_Activity_: Each line below needs to be returned exactly. Skip any picture.

_Given material_:
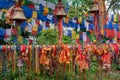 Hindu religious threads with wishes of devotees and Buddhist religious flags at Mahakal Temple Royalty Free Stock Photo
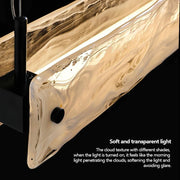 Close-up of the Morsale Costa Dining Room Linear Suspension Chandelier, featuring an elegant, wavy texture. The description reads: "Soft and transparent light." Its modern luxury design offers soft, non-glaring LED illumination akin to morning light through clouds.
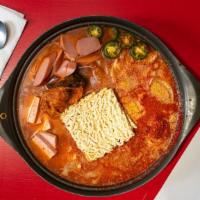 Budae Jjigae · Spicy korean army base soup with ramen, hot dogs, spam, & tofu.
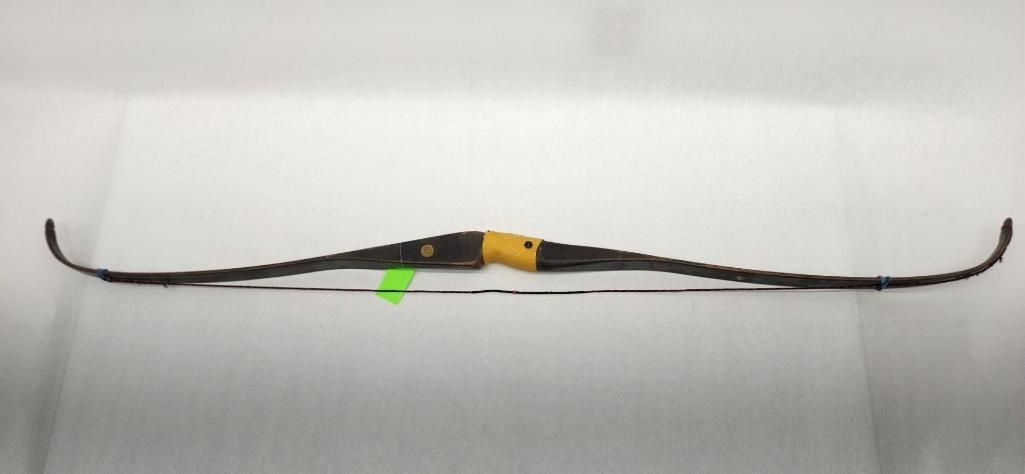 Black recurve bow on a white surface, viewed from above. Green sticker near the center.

_Your response_:
 Hindu religious threads with wishes of devotees and Buddhist religious flags at Mahakal Temple Royalty Free Stock Photo
 Close-up of the Morsale Costa Dining Room Linear Suspension Chandelier, featuring an elegant, wavy texture. The description reads: "Soft and transparent light." Its modern luxury design offers soft, non-glaring LED illumination akin to morning light through clouds.
 Budae Jjigae · Spicy korean army base soup with ramen, hot dogs, spam, & tofu.
 Black recurve bow on a white surface, viewed from above. Green sticker near the center.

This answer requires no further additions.